Task objective: Use the entries below and reproduce exactly the lines from the one containing "CUTE HALLOWEEN UNICORN" down to the one containing "Thick Thighs Hoodie", both of them included.

Input:
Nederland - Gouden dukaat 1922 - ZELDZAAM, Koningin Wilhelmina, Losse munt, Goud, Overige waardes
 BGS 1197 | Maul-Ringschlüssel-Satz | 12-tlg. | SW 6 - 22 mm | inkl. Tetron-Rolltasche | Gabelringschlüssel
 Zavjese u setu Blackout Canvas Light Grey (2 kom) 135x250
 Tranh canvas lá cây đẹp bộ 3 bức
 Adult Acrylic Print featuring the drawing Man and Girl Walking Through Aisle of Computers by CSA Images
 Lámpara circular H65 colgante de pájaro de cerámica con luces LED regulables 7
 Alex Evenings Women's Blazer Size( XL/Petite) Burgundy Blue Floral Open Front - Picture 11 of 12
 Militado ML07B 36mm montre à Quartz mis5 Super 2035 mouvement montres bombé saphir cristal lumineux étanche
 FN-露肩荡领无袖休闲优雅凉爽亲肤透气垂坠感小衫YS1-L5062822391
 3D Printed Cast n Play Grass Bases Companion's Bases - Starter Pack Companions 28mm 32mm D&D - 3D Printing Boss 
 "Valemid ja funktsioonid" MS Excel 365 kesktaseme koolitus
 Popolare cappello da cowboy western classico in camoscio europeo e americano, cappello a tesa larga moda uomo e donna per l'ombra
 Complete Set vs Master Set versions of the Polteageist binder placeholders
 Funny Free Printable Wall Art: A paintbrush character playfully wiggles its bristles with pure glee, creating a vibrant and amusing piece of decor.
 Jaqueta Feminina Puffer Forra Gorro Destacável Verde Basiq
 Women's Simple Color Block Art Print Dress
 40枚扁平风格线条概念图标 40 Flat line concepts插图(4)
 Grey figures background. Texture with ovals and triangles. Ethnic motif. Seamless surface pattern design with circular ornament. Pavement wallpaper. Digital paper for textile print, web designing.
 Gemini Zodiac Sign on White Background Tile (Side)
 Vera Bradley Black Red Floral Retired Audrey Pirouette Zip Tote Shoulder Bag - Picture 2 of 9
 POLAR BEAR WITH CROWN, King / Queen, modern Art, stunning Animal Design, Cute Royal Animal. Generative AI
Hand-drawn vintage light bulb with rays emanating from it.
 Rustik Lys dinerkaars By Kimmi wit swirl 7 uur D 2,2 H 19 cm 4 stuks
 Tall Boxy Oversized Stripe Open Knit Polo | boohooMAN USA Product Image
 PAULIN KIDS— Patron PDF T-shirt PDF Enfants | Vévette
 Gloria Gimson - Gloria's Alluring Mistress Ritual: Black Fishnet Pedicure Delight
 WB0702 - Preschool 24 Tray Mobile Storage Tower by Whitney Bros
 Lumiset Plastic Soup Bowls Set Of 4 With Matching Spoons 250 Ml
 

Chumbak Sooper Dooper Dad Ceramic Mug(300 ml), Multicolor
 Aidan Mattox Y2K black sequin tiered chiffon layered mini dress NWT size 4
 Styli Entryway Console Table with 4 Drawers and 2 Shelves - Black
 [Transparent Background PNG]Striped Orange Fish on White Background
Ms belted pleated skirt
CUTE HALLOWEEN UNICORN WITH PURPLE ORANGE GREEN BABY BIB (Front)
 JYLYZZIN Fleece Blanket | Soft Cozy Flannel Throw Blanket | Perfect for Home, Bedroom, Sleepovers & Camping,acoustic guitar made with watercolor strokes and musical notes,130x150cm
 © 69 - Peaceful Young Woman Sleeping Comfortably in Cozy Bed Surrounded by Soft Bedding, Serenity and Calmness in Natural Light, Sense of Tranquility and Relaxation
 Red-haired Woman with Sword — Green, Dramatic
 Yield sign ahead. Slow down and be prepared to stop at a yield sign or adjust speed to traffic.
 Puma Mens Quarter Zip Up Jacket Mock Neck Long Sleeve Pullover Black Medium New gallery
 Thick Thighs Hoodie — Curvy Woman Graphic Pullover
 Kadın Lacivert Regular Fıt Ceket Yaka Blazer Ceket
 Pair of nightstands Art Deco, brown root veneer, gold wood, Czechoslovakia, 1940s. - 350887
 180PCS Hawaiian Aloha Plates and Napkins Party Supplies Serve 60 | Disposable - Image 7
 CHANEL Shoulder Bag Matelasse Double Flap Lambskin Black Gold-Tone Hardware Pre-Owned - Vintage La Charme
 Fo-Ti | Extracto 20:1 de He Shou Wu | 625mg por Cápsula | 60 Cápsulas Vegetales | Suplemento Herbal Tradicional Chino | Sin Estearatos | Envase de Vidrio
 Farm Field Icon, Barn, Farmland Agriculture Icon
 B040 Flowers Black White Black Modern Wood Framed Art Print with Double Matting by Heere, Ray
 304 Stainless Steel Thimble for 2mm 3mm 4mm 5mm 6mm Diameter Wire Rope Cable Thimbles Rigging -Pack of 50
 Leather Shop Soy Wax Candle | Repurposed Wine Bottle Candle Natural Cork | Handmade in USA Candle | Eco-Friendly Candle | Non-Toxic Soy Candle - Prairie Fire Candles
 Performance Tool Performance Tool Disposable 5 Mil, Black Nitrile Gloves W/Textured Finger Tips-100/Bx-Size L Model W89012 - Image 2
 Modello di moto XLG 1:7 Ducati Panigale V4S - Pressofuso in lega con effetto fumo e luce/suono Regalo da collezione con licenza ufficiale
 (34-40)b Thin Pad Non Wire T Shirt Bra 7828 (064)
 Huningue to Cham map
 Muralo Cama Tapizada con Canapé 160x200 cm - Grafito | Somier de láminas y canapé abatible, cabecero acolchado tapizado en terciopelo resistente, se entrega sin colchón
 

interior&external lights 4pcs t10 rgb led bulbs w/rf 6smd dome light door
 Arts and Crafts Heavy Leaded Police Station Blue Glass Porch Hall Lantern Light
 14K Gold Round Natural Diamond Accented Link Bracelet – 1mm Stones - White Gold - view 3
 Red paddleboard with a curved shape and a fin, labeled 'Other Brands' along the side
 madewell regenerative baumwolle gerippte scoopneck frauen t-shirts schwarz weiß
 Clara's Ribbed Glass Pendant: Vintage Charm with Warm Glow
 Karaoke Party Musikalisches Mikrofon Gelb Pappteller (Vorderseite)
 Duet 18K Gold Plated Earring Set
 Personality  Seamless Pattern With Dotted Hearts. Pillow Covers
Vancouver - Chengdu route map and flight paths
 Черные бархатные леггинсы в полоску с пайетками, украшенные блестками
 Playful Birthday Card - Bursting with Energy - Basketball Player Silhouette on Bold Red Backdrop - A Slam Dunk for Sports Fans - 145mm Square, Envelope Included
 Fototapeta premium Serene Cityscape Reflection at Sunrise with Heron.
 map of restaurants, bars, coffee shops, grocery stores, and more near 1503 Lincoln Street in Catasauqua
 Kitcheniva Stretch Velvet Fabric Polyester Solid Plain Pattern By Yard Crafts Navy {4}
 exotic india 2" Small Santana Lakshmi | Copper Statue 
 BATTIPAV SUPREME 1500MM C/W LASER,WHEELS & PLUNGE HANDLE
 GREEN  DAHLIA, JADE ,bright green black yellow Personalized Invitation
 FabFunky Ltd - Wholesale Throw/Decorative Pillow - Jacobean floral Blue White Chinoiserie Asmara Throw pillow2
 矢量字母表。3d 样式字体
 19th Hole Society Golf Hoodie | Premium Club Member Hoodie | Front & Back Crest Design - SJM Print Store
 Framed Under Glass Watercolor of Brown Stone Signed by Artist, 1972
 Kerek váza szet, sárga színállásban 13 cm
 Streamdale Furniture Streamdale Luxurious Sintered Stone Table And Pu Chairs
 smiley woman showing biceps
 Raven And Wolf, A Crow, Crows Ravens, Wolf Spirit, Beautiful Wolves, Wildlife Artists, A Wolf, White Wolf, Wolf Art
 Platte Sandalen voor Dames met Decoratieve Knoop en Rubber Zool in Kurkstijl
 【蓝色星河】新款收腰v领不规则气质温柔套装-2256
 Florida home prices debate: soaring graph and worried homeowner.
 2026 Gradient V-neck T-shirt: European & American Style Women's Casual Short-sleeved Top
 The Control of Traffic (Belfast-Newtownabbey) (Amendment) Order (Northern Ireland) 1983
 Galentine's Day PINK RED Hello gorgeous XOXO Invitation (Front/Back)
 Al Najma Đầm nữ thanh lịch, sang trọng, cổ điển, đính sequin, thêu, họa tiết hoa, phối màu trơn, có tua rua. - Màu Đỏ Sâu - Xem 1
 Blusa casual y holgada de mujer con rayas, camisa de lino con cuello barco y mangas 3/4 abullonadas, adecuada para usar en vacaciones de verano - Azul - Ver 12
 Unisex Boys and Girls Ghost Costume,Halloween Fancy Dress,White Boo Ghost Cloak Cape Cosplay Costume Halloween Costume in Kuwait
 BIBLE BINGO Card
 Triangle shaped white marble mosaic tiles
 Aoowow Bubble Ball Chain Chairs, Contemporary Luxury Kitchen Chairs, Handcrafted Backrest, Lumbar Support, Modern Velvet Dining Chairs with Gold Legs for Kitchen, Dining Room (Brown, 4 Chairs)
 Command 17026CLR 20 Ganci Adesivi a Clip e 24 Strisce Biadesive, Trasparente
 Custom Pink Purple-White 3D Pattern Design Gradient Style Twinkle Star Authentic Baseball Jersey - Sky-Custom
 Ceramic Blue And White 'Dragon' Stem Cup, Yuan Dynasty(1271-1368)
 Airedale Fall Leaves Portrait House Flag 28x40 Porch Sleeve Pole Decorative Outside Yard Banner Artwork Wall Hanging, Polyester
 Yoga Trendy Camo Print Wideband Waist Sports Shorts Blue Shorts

Answer to this problem:
CUTE HALLOWEEN UNICORN WITH PURPLE ORANGE GREEN BABY BIB (Front)
 JYLYZZIN Fleece Blanket | Soft Cozy Flannel Throw Blanket | Perfect for Home, Bedroom, Sleepovers & Camping,acoustic guitar made with watercolor strokes and musical notes,130x150cm
 © 69 - Peaceful Young Woman Sleeping Comfortably in Cozy Bed Surrounded by Soft Bedding, Serenity and Calmness in Natural Light, Sense of Tranquility and Relaxation
 Red-haired Woman with Sword — Green, Dramatic
 Yield sign ahead. Slow down and be prepared to stop at a yield sign or adjust speed to traffic.
 Puma Mens Quarter Zip Up Jacket Mock Neck Long Sleeve Pullover Black Medium New gallery
 Thick Thighs Hoodie — Curvy Woman Graphic Pullover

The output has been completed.